• Dataset section:

--- START ---

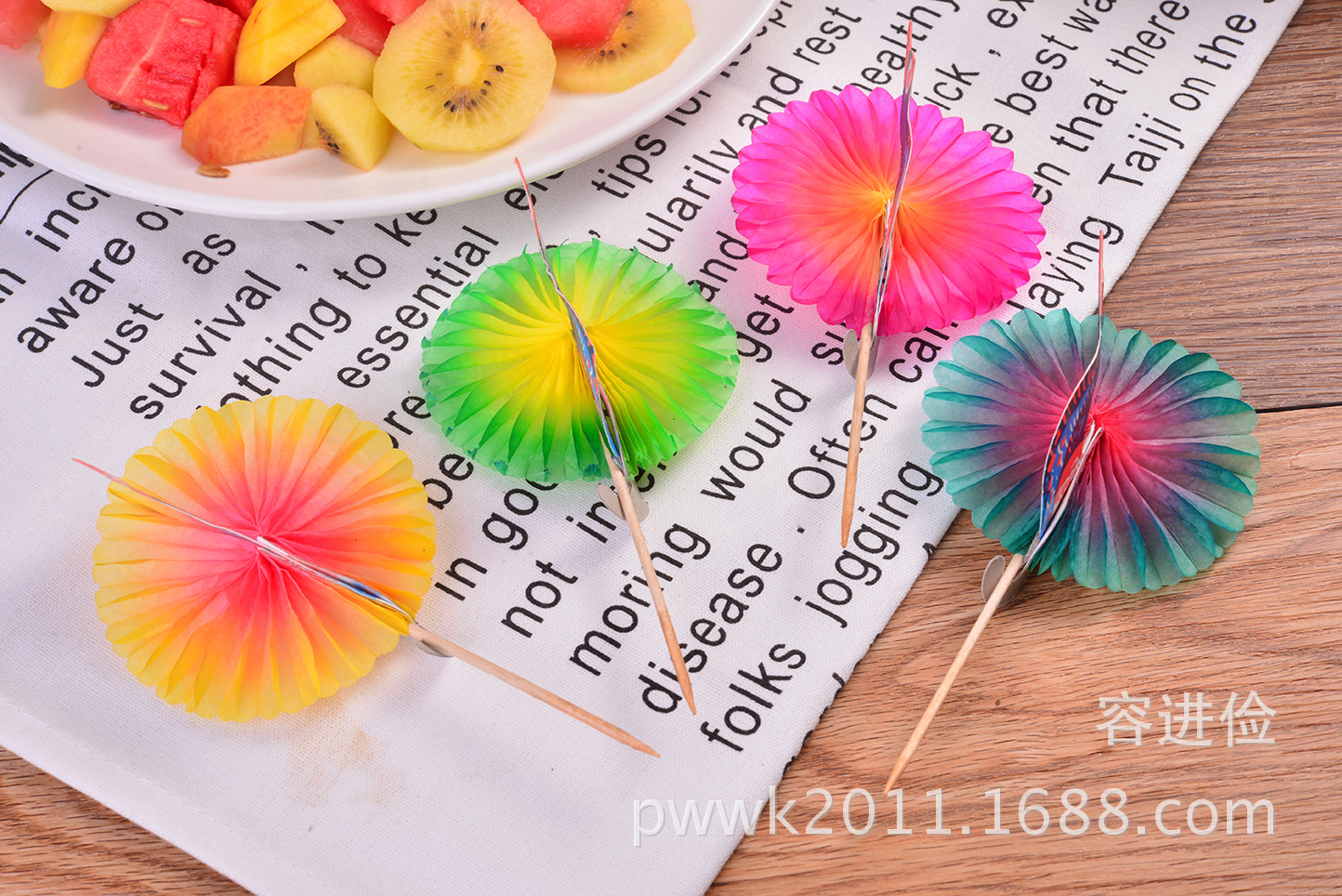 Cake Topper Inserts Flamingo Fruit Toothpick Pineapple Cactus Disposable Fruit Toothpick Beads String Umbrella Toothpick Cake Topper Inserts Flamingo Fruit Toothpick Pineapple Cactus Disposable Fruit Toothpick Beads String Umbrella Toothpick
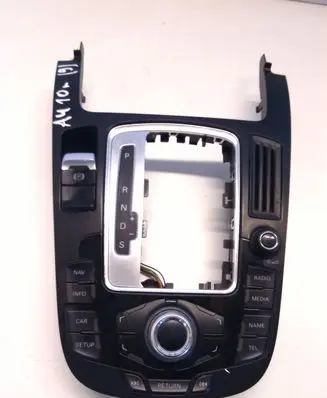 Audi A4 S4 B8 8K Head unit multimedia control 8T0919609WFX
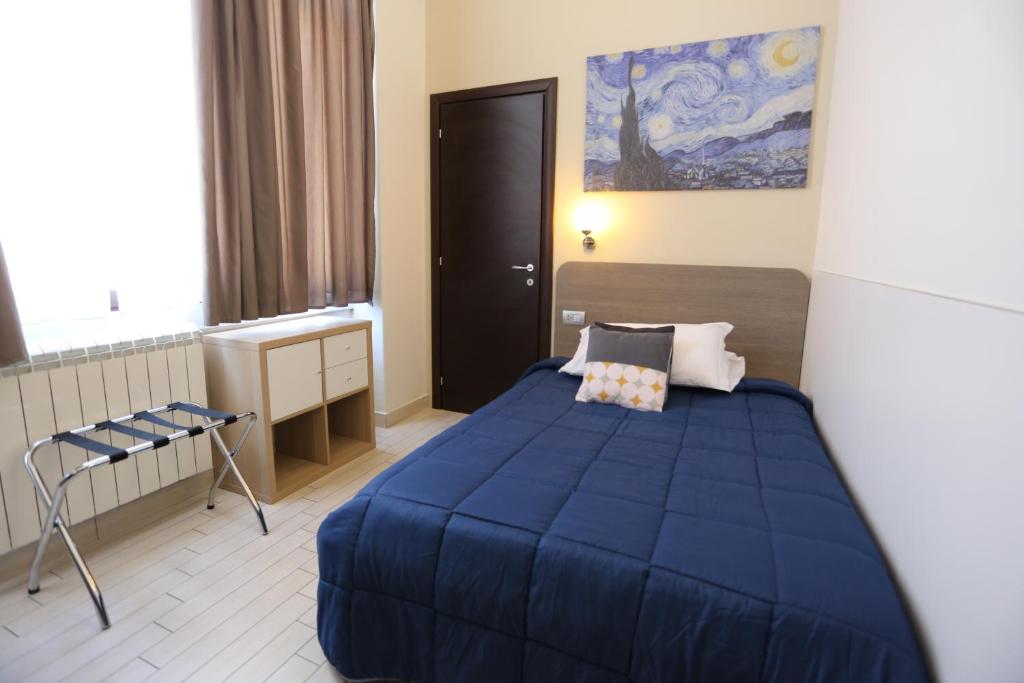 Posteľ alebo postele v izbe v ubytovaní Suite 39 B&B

--- END ---

• Your goal:
Output only the lines that run from the line containing "Audi A4 S4 B8" to the last line of the data, exactly as they stand and without pictures.

• Written answer:
 Audi A4 S4 B8 8K Head unit multimedia control 8T0919609WFX
 Posteľ alebo postele v izbe v ubytovaní Suite 39 B&B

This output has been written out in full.